What if we changed the perspective? What if instead of focusing on what the vineyard workers received (or didn’t receive), we focused on the landowner’s actions and motives. The landowner isn’t concerned about the wage, he’s got enough to go around. He’s more concerned about getting the work done. There’s got to be ample work in the vineyard because the landowner is obsessed with hiring every possible person he can find. The landowner is also generous that he overpays almost his entire workforce.
Jesus says that the kingdom of heaven is like this landowner who continues to go out and hire workers for his vineyard. The harvest is plentiful but the laborers are few. God is most concerned about the proclamation and sharing of the Gospel with the world. He doesn’t care how much someone as 6:00 am makes as compared to someone hired at 3:00 pm.
When we look at this parable by comparing the pay of the laborers, we’ve missed the mark. Instead, the landowner wants as many people involved as possible. And he is so generous that he’s willing to give people whatever they need. Our God is so generous that he willingly gives us the gifts of forgiveness, eternal life, and unconditional love no matter how long it took us to get to his vineyard. The important thing is that we are here, working, and we will receive a fair wage for our labor. And there are more laborers out there looking for work, who are longing for work. And yet we are focused more on what is considered fair.
We look at the world and rank people. Who’s first and who’s last, all for the sake of being fair. But who really is last? Who really is first? Jesus says, “the last will be first, and the first will be last.” And we so like to be first. But actually because of your sin; because of your strong desire to be fair, to be just, to be first in everything that you do, you are the one who is last. Your sin puts you into last place. And if you are in last place, who is in first? Well Jesus of course.
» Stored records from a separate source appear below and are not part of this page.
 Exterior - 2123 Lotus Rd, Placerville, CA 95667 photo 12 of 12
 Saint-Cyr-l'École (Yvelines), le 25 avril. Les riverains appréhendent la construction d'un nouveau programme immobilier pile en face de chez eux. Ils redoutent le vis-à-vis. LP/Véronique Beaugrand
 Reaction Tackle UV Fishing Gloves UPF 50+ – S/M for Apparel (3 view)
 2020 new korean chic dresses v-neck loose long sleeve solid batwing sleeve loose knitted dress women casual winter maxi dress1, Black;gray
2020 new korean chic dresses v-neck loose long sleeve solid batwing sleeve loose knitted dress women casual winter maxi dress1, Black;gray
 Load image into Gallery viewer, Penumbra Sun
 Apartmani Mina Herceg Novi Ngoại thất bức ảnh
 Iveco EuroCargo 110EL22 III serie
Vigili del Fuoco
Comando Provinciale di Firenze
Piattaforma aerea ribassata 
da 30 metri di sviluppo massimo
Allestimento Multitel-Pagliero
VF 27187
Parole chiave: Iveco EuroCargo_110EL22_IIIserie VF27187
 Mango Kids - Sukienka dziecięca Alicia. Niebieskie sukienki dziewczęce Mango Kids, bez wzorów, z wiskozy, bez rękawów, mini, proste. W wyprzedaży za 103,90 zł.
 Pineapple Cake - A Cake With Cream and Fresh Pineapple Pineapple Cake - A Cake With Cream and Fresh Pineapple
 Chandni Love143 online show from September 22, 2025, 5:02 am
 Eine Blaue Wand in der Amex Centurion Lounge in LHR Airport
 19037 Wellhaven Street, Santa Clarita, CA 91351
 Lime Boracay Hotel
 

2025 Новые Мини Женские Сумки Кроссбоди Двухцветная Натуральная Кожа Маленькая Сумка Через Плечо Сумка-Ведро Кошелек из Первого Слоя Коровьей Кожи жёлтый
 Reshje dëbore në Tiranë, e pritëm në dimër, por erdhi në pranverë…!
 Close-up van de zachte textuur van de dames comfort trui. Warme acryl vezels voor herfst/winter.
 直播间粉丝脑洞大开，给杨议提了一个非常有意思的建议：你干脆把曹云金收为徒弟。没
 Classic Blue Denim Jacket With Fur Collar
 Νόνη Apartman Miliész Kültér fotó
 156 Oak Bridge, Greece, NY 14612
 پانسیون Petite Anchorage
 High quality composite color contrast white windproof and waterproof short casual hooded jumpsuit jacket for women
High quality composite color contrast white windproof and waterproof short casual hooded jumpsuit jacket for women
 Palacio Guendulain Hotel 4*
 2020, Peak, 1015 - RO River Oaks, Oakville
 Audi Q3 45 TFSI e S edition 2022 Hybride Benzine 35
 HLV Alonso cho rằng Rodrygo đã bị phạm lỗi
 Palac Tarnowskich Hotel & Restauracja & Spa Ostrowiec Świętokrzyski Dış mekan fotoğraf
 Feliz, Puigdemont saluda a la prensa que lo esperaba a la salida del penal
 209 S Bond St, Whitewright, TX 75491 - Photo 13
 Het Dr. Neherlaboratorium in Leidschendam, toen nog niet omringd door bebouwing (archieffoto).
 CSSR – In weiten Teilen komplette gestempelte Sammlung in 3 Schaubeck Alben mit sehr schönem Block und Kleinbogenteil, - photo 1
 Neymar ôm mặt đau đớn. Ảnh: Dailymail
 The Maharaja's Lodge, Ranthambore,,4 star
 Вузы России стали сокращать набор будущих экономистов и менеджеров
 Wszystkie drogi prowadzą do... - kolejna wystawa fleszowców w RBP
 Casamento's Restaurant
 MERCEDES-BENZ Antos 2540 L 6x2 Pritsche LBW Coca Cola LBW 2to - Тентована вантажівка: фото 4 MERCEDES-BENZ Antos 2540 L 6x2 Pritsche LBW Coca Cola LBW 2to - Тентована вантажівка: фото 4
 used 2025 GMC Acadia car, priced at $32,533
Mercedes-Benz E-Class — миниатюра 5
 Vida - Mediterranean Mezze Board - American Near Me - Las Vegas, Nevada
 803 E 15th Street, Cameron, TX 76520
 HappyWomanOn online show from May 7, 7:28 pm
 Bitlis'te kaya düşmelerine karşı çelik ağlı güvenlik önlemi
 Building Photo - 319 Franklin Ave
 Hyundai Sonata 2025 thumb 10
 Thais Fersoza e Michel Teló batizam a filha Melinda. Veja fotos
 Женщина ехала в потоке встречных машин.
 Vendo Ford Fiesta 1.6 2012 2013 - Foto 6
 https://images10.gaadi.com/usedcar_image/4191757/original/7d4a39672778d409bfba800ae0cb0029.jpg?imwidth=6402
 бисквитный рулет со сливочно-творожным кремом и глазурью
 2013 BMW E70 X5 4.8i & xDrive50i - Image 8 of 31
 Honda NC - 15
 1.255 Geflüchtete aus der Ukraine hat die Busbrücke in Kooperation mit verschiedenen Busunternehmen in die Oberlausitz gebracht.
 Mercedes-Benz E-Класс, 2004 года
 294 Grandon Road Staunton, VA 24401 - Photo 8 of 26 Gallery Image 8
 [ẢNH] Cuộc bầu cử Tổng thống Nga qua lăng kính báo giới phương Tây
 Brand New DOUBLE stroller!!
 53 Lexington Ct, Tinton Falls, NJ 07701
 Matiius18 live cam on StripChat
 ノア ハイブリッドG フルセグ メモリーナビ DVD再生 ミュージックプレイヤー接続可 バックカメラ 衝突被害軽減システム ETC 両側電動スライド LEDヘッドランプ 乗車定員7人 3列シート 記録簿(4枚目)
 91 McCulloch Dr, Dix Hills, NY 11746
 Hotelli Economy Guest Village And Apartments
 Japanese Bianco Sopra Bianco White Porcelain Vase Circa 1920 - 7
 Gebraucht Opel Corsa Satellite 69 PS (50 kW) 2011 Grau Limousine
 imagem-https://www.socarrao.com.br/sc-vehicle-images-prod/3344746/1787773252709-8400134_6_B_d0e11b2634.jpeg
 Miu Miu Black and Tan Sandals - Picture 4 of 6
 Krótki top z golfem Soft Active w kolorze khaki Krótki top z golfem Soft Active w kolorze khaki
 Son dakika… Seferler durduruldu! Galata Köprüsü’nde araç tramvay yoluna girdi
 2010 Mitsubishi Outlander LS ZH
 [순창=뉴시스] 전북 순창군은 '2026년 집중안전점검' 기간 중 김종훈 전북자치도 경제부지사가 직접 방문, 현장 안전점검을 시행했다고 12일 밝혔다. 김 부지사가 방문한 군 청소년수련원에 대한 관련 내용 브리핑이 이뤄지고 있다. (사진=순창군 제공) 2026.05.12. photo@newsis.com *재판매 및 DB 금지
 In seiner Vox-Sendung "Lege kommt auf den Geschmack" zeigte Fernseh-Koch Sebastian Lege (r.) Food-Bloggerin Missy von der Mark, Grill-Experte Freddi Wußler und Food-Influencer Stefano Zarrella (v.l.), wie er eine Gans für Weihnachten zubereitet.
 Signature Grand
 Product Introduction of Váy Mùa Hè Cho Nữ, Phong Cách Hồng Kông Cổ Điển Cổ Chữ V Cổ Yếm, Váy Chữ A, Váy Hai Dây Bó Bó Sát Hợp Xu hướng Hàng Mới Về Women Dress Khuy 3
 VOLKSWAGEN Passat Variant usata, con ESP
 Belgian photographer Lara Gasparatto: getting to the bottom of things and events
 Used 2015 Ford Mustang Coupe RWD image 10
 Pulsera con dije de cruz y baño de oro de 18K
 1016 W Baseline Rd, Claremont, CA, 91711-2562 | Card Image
Jesus, who was first in all of creation, who was in the beginning when God created the world. So Jesus is first, and we are last. But we really should continue reading beyond the appointed text to get a full understanding of this phrase…
“While Jesus was going up to Jerusalem, he took the twelve disciples aside by themselves, and said to them on the way, See, we are going up to Jerusalem, and the Son of Man will be handed over to the chief priests and scribes, and they will condemn him to death; then they will hand him over to the Gentiles to be mocked and flogged and crucified; and on the third day he will be raised.”
Jesus who was first before creation, made himself last, taking on all of your sins and bringing them to the cross; so that you, who were last, would be made first in the eyes of God. God sees you as first, not because of your sin, but because of Jesus. So yes, the last will be first, and the first will be last. You were last, but now you are first because of the cross of Christ. Amen.